Monday, May 29, 2017

Planning investment in water and sewer services, plus affordable housing in Metro Vancouver

Our regional district, Metro Vancouver, provides many significant services. The big three services that Metro Vancouver provides are for water, sewer, and solid waste (garbage, recycling, and organics).

When looking at your property tax bill, you’ll see a line item for Metro Vancouver, but that only represents a small amount of revenue that the regional district receives. Metro Vancouver charges municipalities for water and sewer services, and waste haulers for solid waste services, who then passed along the costs. In Langley City, between 60 to 70 percent of the charges on a typical tax bill for water and sewer services are passed to the regional district.

Providing safe drinking water and waste water treatment requires major investment in infrastructure. For example, the recently completed Capilano-Seymour water project cost $820 million. The North Shore Wastewater Treatment Plant which is starting construction is budgeted to cost $700 million. These are just two of the many projects that the regional district is or has worked on.

The Metro Vancouver board, which is mostly made up of elected officials from municipalities within the region, held a strategic workshop to help guide the development of a new 5-year financial plan.

The follow drawings were produced at the strategic workshop.

Metro Vancouver Board Strategic Planning Workshop - Scenario Directions. Select image to enlarge.

Metro Vancouver Board Strategic Planning Workshop - Details. Select image to enlarge.

Are you can see, there was a discussion about two scenarios for funding Metro Vancouver services. “Steady as We Go” and “Slowing Things Down”. The “Steady as We Go” option seemed to be the direction that Metro Vancouver board members felt the regional district needs to go.
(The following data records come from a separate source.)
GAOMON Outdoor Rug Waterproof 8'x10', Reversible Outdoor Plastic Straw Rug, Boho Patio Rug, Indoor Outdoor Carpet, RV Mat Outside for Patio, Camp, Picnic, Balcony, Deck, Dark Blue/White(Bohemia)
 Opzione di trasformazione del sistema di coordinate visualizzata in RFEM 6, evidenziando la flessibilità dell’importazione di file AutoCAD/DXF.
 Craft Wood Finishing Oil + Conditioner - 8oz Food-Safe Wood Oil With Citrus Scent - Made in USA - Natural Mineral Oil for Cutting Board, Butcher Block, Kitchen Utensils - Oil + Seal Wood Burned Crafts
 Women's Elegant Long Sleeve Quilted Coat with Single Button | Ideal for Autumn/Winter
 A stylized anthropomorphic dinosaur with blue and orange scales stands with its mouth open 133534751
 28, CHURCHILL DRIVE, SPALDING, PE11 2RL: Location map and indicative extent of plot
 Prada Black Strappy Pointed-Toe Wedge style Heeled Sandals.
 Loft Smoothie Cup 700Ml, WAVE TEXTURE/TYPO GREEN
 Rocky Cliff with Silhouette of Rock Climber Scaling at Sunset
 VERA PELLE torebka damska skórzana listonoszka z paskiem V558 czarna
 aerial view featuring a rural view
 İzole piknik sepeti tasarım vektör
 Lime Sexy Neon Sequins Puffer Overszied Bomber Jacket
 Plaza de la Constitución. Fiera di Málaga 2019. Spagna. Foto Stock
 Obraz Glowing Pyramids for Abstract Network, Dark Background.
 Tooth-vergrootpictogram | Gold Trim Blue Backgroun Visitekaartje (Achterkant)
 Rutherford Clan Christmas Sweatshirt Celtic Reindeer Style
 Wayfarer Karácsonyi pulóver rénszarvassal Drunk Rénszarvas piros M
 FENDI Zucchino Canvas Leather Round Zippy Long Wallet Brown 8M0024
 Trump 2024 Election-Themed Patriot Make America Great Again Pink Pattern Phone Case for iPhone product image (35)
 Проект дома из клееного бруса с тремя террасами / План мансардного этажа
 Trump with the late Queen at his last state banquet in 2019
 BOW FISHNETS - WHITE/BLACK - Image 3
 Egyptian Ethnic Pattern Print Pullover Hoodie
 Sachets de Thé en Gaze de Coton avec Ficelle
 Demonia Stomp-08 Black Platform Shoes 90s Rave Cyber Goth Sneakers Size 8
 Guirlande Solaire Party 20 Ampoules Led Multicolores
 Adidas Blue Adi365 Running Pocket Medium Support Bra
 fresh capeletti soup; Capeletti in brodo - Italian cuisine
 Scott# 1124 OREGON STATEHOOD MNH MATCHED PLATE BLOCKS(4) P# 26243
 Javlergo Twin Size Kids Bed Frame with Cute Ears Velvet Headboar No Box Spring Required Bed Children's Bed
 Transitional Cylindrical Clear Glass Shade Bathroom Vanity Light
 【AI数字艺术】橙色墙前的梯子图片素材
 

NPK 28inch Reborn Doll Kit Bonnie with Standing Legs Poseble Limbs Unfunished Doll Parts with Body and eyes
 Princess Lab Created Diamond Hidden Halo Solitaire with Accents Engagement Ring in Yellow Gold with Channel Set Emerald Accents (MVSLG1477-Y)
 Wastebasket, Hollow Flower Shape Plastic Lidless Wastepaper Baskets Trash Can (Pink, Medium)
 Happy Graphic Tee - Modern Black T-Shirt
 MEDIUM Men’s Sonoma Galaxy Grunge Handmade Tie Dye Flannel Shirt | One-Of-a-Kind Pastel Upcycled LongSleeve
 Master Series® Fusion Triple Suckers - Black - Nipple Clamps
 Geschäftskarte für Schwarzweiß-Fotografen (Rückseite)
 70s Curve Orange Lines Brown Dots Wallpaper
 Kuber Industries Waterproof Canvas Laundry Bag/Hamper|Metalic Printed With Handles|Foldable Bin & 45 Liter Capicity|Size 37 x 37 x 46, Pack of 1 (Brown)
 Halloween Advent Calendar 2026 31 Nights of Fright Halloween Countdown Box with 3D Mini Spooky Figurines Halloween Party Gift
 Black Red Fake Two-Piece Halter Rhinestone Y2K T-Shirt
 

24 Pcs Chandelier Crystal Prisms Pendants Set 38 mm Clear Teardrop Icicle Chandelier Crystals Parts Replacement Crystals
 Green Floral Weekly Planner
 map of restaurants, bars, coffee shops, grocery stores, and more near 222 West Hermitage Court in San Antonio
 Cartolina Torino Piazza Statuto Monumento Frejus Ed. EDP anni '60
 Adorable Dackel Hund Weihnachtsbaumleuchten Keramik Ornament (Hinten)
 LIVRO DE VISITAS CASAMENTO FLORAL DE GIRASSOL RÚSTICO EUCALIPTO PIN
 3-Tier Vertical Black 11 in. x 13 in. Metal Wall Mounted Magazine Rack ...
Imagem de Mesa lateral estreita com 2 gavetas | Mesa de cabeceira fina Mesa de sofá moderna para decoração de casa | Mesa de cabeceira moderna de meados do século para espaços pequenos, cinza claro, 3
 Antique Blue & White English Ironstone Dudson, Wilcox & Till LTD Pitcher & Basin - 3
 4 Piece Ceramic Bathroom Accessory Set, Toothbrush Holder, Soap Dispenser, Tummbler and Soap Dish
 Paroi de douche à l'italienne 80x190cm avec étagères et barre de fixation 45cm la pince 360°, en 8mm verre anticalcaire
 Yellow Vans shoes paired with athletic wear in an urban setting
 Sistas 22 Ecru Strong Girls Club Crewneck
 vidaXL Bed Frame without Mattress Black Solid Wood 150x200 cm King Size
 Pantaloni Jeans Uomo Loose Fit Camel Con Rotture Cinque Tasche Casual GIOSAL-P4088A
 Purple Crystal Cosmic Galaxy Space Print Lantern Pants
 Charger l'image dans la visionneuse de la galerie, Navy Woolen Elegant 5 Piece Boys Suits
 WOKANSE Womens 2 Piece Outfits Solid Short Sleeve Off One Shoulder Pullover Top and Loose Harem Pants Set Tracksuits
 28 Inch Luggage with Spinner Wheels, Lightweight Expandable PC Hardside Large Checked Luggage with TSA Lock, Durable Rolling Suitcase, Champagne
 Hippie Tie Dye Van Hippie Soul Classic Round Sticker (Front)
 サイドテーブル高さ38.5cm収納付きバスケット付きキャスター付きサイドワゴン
This scenario will require around a 5% annual growth in revenue. “Slowing Things Down” defers projects to the future which would increase risk of providing reliable services, increasing costs in the future.

Currently, developers pay for expanding local water and sewer services through Developer Cost Charges (DCCs) when new development projects are built. At the workshop, Metro Vancouver board members expressed interest in increasing DCCs to pay for regional projects that are required due to population growth.

Metro Vancouver is also an affordable housing provider. With the current affordable housing crisis in our region, workshop participants were interested in seeing the regional district’s role in providing affordable housing expand.